Antônio Bispo dos Santos (Povoado Papagaio, Vale do Rio Berlengas, atual município de Francinópolis, Piauí, 1959 - São João do Piauí, 2023). Lavrador, poeta, escritor, professor, ativista político. Militante do movimento social quilombola e de direitos pelo uso da terra, Nêgo Bispo é e eternamente será uma das principais vozes do pensamento das comunidades tradicionais do Brasil.

Morador do Quilombo Saco-Curtume, localizado em São João do Piauí, Nêgo Bispo possuiu trajetória educacional típica da realidade do povo quilombola. Foi formado por mestres e mestras de ofícios por meio da oralidade e de ensinamentos e saberes ancestrais. A partir deles e das demandas comunitárias, chegou à educação formal, fazendo parte da primeira geração de sua família a concluir o ensino fundamental. Desde muito jovem, desenvolveu a habilidade de traduzir para a linguagem escrita das cartas os sentimentos, as sabedorias e as vivências de seus parentes e vizinhos.
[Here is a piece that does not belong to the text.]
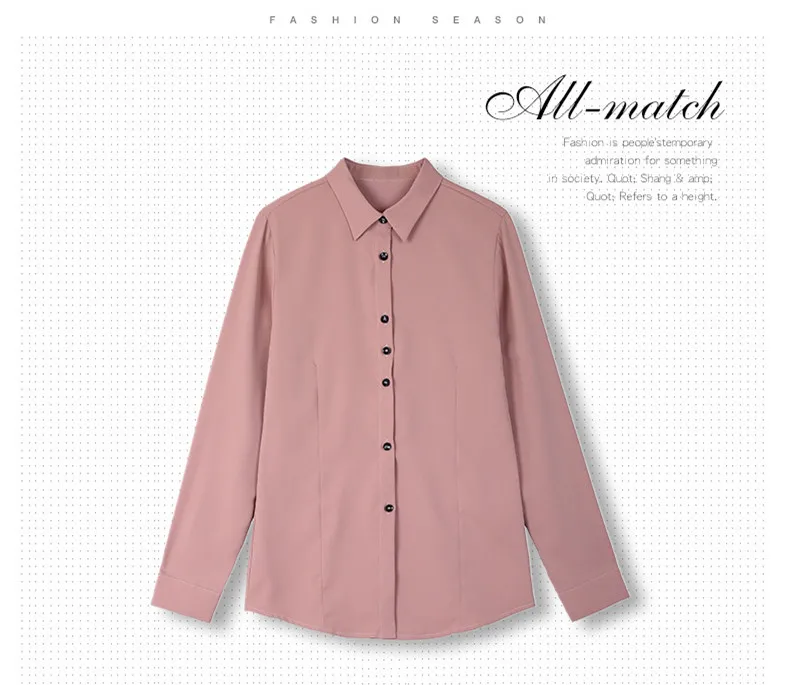 New Women'S Spring And Autumn Collar Long Sleeved Top Fashionable And Versatile Medium To Long Loose Casual Cardigan Shirt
Em 2007, lançou seu primeiro livro, Quilombos, modos e significados, reeditado em 2015 com novo título, Colonização, quilombos. Modos e significações. Na obra, desenvolveu o conceito de contracolonização, que contestou o atual modelo de desenvolvimento econômico ao qual o Brasil e os demais países da América Latina se rendem. Em contraposição a esse projeto de sociedade autodestrutiva, Bispo propôs uma alternativa civilizatória baseada na biointeração, na qual a relação entre humanos e natureza é de comunhão prazerosa. A lógica da biointeração tem como princípios extrair, utilizar e reeditar, que se realizam em uma relação comunitária, coletiva, em que a capacidade de cultivar, coletar e compartilhar são inerentes. Esse conceito é definido como contracolonização do conceito de desenvolvimento sustentável e é comum aos quilombos, aos terreiros das religiões de matriz africana e à capoeira. Para Bispo, na biointeração, as coisas se reeditam; no desenvolvimento sustentável, elas se reciclam.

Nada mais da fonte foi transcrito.